[INFORMATION SUPPLIED — start]

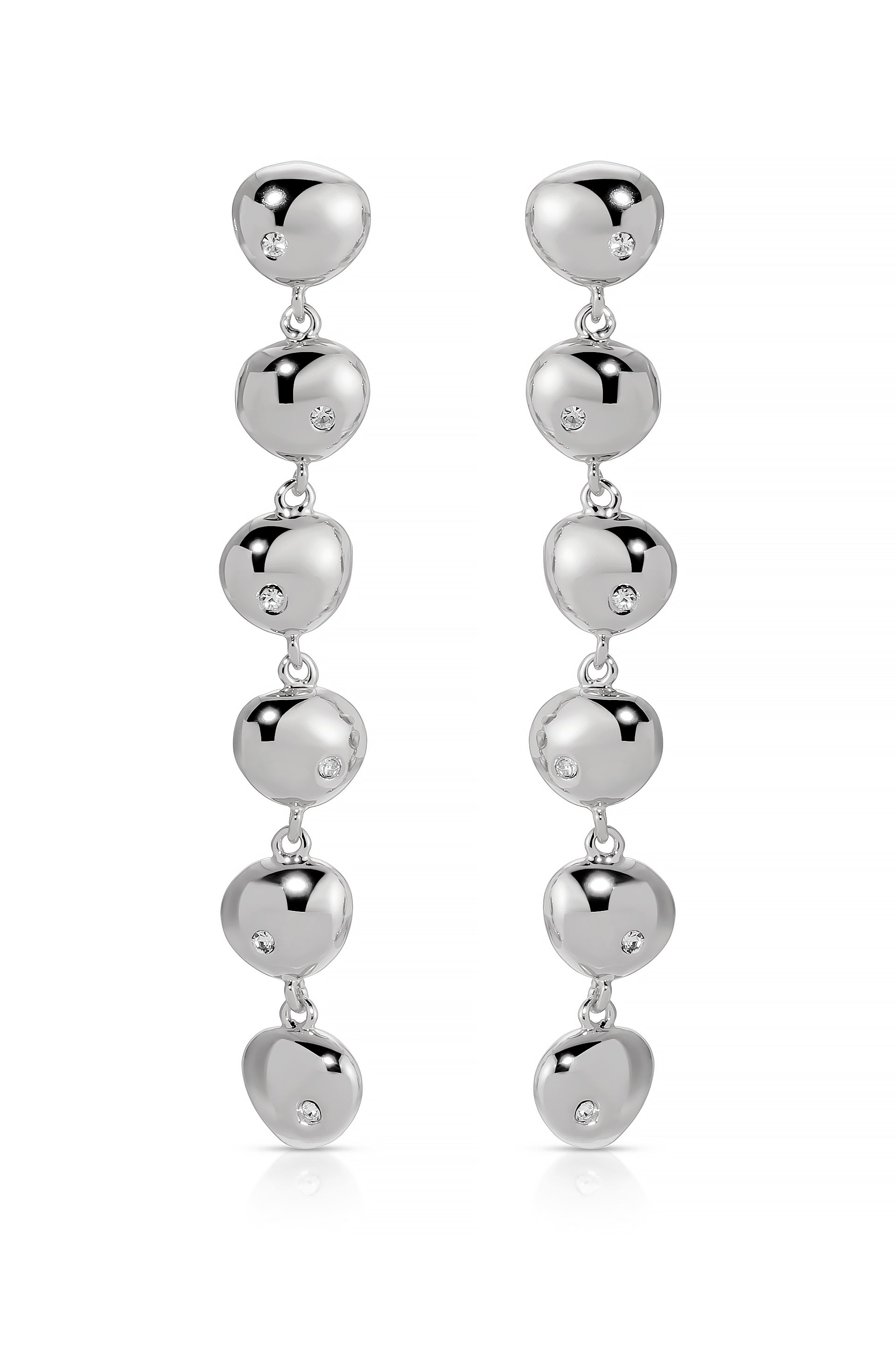 Polished Pebble Linear Dangle Earrings Rhodium Plated 3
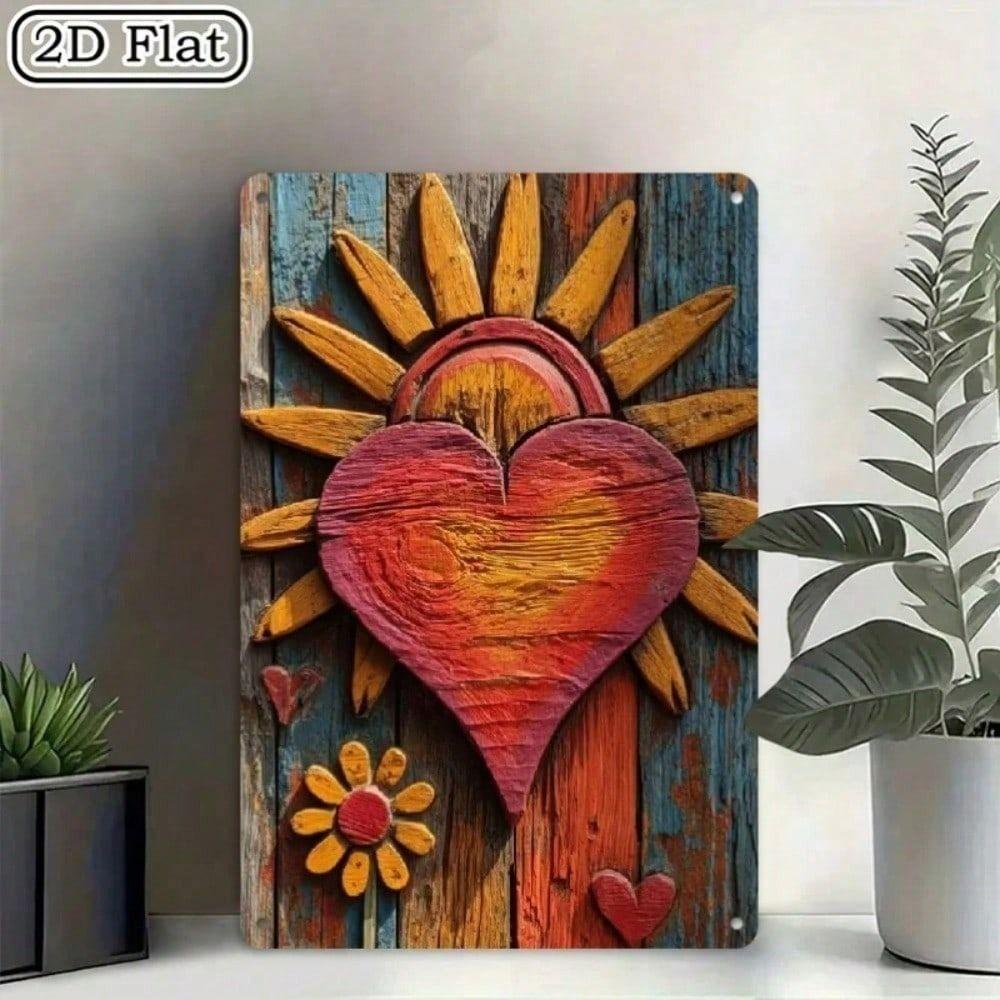 Vintage Sunflower Metal Wall Art, Rustic Heart Home Decor for Living Room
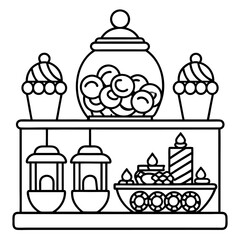 Delicious food line art for coloring book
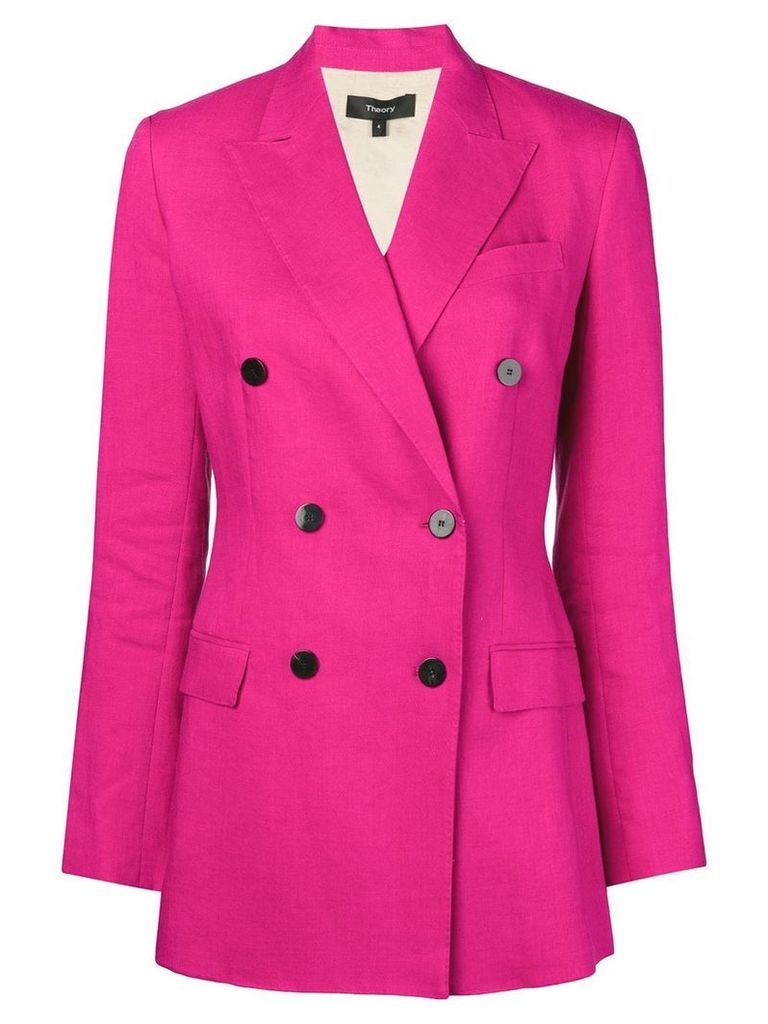 Theory double-breasted tailored blazer - Pink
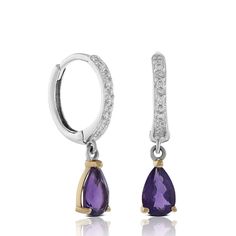 A line of diamonds sparkle down white gold hoops to present a pear shaped amethyst set in rose gold for added warmth. Earring is approximately 20mm long White Gold Teardrop Gemstone Diamond Earrings, Lose A Stone, Amethyst Set, White Gold Hoops, Jewelry Cleaner, Gold Hoops, Cleaning Jewelry, Pear Shaped, Jewelry Shop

[INFORMATION SUPPLIED — finish]

WORK REQUIRED: Only what runs from the line containing "Theory double-breasted tailored" through the end of the entries above should be extracted, exactly and without pictures.

WRITTEN ANSWER:
 Theory double-breasted tailored blazer - Pink
 A line of diamonds sparkle down white gold hoops to present a pear shaped amethyst set in rose gold for added warmth. Earring is approximately 20mm long White Gold Teardrop Gemstone Diamond Earrings, Lose A Stone, Amethyst Set, White Gold Hoops, Jewelry Cleaner, Gold Hoops, Cleaning Jewelry, Pear Shaped, Jewelry Shop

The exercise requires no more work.